Advance Member Approval to the Issuance of a Number of Common Shares
by Private Placement that Exceeds 25% of the Company’s Issued Share Capital
The Company from time to time investigates opportunities to raise financing on advantageous terms. The Company may undertake one or more financings over the next year and expects some of them to be structured as private placements.
Under the rules of The Toronto Stock Exchange (‘The TSX”) the aggregate number of common shares of a listed company which are issued or made subject to issuance (i.e. issuable under a share purchase warrant or option or other convertible security) by way of one or more private placement transactions during any particular six-month period must not exceed 25% of the number of common shares outstanding (on a non-diluted basis) prior to giving effect to such transactions (“The TSX 25% Rule”), unless there has been member approval of such transaction.
The application of The TSX 25% Rule may restrict the availability to the Company of funds which it may wish to raise in the future by private placement of its securities.
In particular, management of the Company considers it to be in the best interests of the Company to solicit private placement funds for working capital and Company operations. The TSX has a working practice that it will accept advance approval by members in anticipation of private placements that may exceed The TSX 25% Rule, provided such private placements are completed within 12 months of the date such advance member approval is given.
The Company’s issued and outstanding share capital is currently 39,543,683 common shares and the Company proposes that the maximum number of common shares which either would be issued or made subject to issuance under one or more private placements in the twelve month period commencing on June 5, 2003 would not exceed 39,543,683 common shares, or 100% of the Company’s issued and outstanding common shares as at May 1, 2003.

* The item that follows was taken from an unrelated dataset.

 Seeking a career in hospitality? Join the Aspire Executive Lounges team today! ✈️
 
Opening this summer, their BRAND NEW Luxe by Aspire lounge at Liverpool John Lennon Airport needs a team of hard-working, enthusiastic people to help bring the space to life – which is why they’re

Any private placement proceeded with by the Company under the advance approval being sought at the Meeting will be subject to the following additional restrictions:
i.
it must be substantially with parties at arm’s-length to the Company;
ii.
it cannot materially affect control of the Company;
iii.
it must be completed within a twelve month period following the date the advance member approval is given; and
iv.
it must comply with the private placement pricing rules of The Toronto Stock Exchange which currently require that the issue price per common share must not be lower than the closing market price of the common shares on The TSX on the trading day prior to the date Notice of the private placement is given to The TSX (the “Market Price”) less the applicable discount, as follows:
Market Price | Maximum Discount |
$0.50 or less | 25% |
$0.51 to $2.00 | 20% |
Above $2.00 | 15% |
(For these purposes, a private placement of unlisted convertible securities is deemed to be a private placement of the underlying listed securities at an issue price equal to the lowest possible price at which the securities are convertible by the holders thereof).
In any event, The TSX retains the discretion to decide whether or not a particular placement is “substantially” at arms-length or will materially affect control in which case specific member approval may be required.

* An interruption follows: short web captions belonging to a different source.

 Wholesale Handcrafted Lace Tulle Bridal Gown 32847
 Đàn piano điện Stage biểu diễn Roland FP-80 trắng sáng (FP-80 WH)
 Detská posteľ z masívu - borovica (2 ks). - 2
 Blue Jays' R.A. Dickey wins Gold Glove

In anticipation that the Company may wish to enter into one or more private placements in the next 12 months that will result in it issuing and/or making issuable such number of its common shares, taking into account any common shares that may be issued upon exercise of any warrants, options or other rights granted in connection with the private placements, that will exceed The TSX 25% Rule, the Company requests its members to pass an ordinary resolution in the following terms:
“RESOLVED, as an ordinary resolution, that the issuance by the Company in one or more private placements during the twelve month period commencing June 5, 2003 of such number of securities that would result in the Company issuing or making issuable a number of common shares aggregating up to 100% of the number of issued and outstanding common shares as at May 1, 2003, being the date of the information in the Information Circular describing the advance approval, as more particularly described in and subject to the restrictions described in the Company’s Information Circular dated May 6, 2003, is hereby approved.”
The directors of the Company believe the passing of the ordinary resolution is in the best interests of the Company and recommend that Members vote in favour of the resolution. In the event the resolution is not passed The TSX will not approve any private placements that result in the issuance or possible issuance of a number of common shares which exceed The TSX 25% Rule, without specific member approval. Such restriction could impede the Company’s timely access to required funds on favourable terms.

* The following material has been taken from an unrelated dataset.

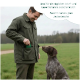 Grünes Stoff-Zerrspielzeug für Hunde mit schwarzer Nylongriffschlaufe auf weißem Hintergrund.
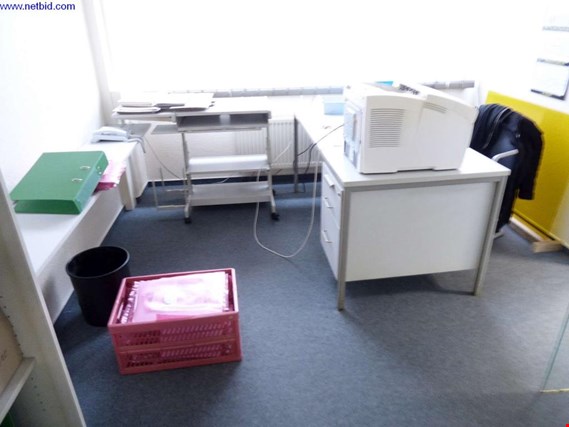 Used Desk for Sale (Trading Premium) | NetBid Industrial Auctions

An ordinary resolution requires the approval of a simple majority of the votes cast by those members of the Company who, being entitled to do so, vote in person or by proxy at a general meeting of the Company.
Fixing of Directors’ Terms of Office
The management of the Company asks the Members to pass ordinary resolutions to fix the terms of office for directors elected for three years. The purpose of the proposed ordinary resolution is to firmly establish the current board of directors.
The following terms for the directors are proposed:
(a)
Kerry Curtis for a term of 3 years of office from the date of the Annual and Special General Meeting;
(b)
Glen Dickson for a term of 3 years of office from the date of the Annual and Special General Meeting;
(c)
Jonathan Rubenstein for a term of 3 years of office from the date of the Annual and Special General Meeting; and
(d)
Richard Colterjohn for a term of 2 years of office from the date of the Annual and Special General Meeting.
Members of the Company who do not want longer than one year terms of office for the Company’s directors can vote against the proposed ordinary resolutions fixing the terms of office of the directors. Such members can vote for the election of the nominees notwithstanding their vote against such longer terms of office. In the event that the ordinary resolutions are defeated then, nevertheless, any nominees who receive sufficient votes for their election will be elected but, only until the next Annual and Special General Meeting.
ANY OTHER MATTERS
Management of the Company knows of no matters to come before the meeting other than those referred to in the Notice of Meeting accompanying this Information Circular. However, if any other matters properly come before the meeting, it is the intention of the persons named in the form of proxy accompanying this Information Circular to vote the same in accordance with their best judgment of such matters.
CERTIFICATE
The foregoing contains no untrue statement of a material fact and does not omit to state a material fact that is required to be stated or that is necessary to make a statement misleading in the light of the circumstances in which it was made.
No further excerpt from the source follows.